Today, I played a bit with the International airline passengers dataset.

It's only feature is a date given by year and month. One should predict the number of passengers (in thousands).

## Code

See Github.

## Scoring functions

In the following, \(y\) is the ordered list of target, \(y_P\) is the list of predictions in the same order and \bar{y} is the mean of \(y\).

Name | Image | X is better | Definition and Usage |
---|---|---|---|

MAE | $[0, \infty)$ | lower | $f(y, y_P) = \frac{1}{|y|} \sum_{y_i, y_i^{P} \in (y, y^{P})} |y_i - y_i^P}|$ |

MSE | $[0, \infty)$ | lower | $f(y, y_P) = \frac{1}{|y|} \sum_{y_i, y_i^P \in (y, y^P)} (y_i - y_i^P)^2$ |

$R^2$ | $[0, 1]$ | higher | $f(y, y_P) = 1 - \frac{\sum (y_i - y_i^P)^2}{\sum (y_i - \bar{y})^2}$ |

Explained Variance | $(-\infty, 1]$ | higher | $f(y, y_P) = 1 - \frac{Var(y - y_P)}{Var(y)}$ |

See also:

## Results

name | training time | testing time | MAE | MAD | $R^2$ | explained variance | MSE |
---|---|---|---|---|---|---|---|

GradientBoostingRegressor | 11.6ms | 0.1ms | 40.0 | 31.0 | 0.5689 | 0.6246 | 2631.9 |

GaussianProcessRegressor | 8.4ms | 0.2ms | 150.9 | 85.9 | -8.0324 | -6.7089 | 55138.3 |

AdaBoostRegressor | 69.3ms | 1.1ms | 60.1 | 53.3 | 0.1240 | 0.5812 | 5347.3 |

SGDRegressor | 0.8ms | 0.1ms | 106.5 | 84.8 | -1.7081 | 0.1471 | 16531.5 |

RANSACRegressor | 4.1ms | 0.0ms | 68.5 | 39.4 | -0.4294 | 0.1479 | 8726.0 |

PassiveAggressiveRegressor | 0.2ms | 0.0ms | 115.8 | 115.5 | -1.8841 | 0.1268 | 17606.2 |

BaggingRegressor | 13.4ms | 0.9ms | 46.7 | 37.1 | 0.4162 | 0.4912 | 3564.0 |

HuberRegressor | 8.0ms | 0.0ms | 65.4 | 59.8 | -0.0745 | 0.0395 | 6559.5 |

RandomForestRegressor | 18.6ms | 5.2ms | 48.3 | 38.5 | 0.4336 | 0.6535 | 3457.7 |

ExtraTreesRegressor | 17.2ms | 4.7ms | 44.1 | 33.2 | 0.4744 | 0.5036 | 3208.6 |

SVR | 2.1ms | 0.3ms | 202.2 | 182.0 | -6.6885 | 0.0105 | 46934.4 |

Linear SVR + Standardscaler | 1.4ms | 0.2ms | 84.1 | 60.6 | -0.9573 | 0.1338 | 11948.3 |

ElasticNet | 0.3ms | 0.0ms | 56.0 | 41.7 | 0.1069 | 0.1698 | 5452.0 |

Lasso | 0.4ms | 0.0ms | 56.0 | 41.5 | 0.1069 | 0.1698 | 5451.8 |

I like the median absolute error best, because it tells me how many passengers my prediction is typically away from the true prediction.

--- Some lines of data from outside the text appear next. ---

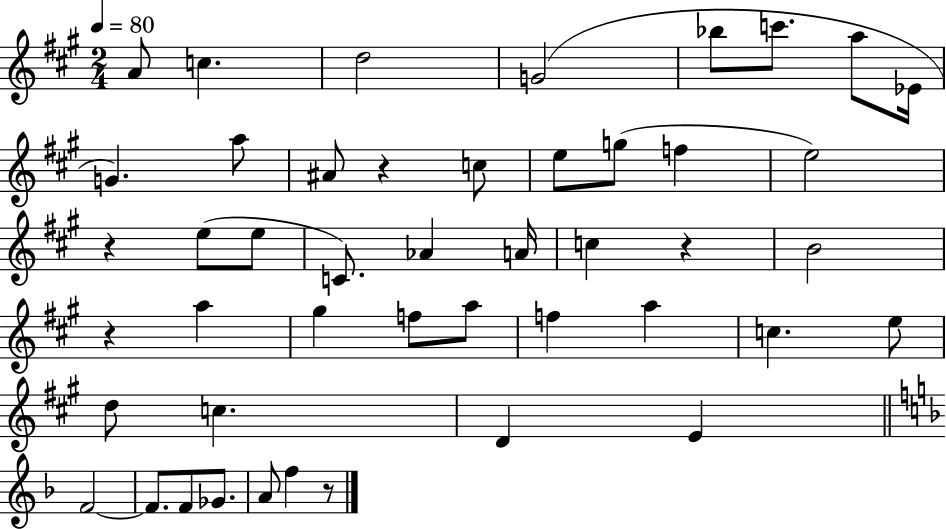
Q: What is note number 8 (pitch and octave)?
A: Eb4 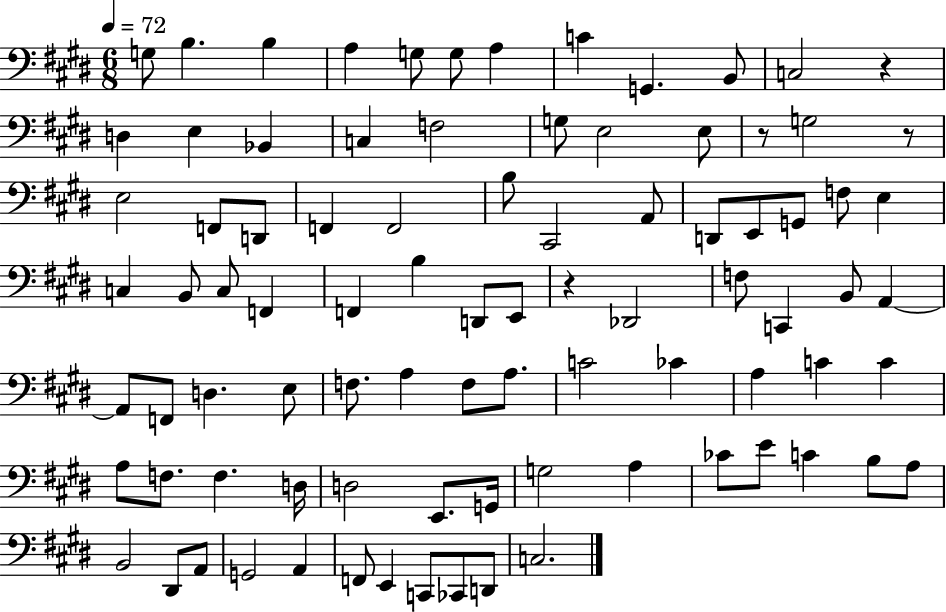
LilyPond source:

{
  \clef bass
  \numericTimeSignature
  \time 6/8
  \key e \major
  \tempo 4 = 72
  g8 b4. b4 | a4 g8 g8 a4 | c'4 g,4. b,8 | c2 r4 | \break d4 e4 bes,4 | c4 f2 | g8 e2 e8 | r8 g2 r8 | \break e2 f,8 d,8 | f,4 f,2 | b8 cis,2 a,8 | d,8 e,8 g,8 f8 e4 | \break c4 b,8 c8 f,4 | f,4 b4 d,8 e,8 | r4 des,2 | f8 c,4 b,8 a,4~~ | \break a,8 f,8 d4. e8 | f8. a4 f8 a8. | c'2 ces'4 | a4 c'4 c'4 | \break a8 f8. f4. d16 | d2 e,8. g,16 | g2 a4 | ces'8 e'8 c'4 b8 a8 | \break b,2 dis,8 a,8 | g,2 a,4 | f,8 e,4 c,8 ces,8 d,8 | c2. | \break \bar "|."
} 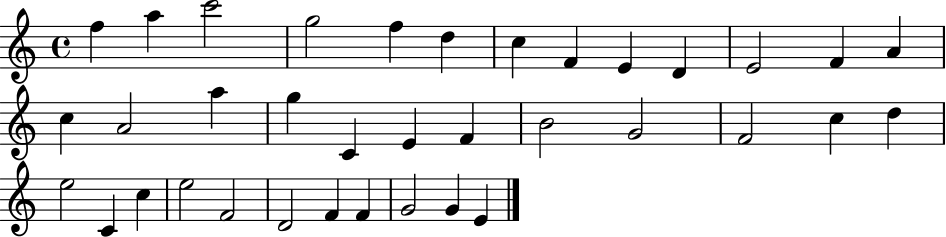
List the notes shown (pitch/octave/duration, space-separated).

F5/q A5/q C6/h G5/h F5/q D5/q C5/q F4/q E4/q D4/q E4/h F4/q A4/q C5/q A4/h A5/q G5/q C4/q E4/q F4/q B4/h G4/h F4/h C5/q D5/q E5/h C4/q C5/q E5/h F4/h D4/h F4/q F4/q G4/h G4/q E4/q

Please note that bad results here do not mean the regressor is bad. Some might just use their full potential with more data, some might be better suited to different regression problems, e.g. interpolation instead of extrapolation or working with higher dimensional data.

## Things I learned

- SGDRegressor without scaling is crazy bad.
- Without hyperparameter optimization (e.g. twiddling), SVR is shitty.
- Without scaling, linear SVR runs many hours for training. On a dataset with 3 features and less than 150 data points.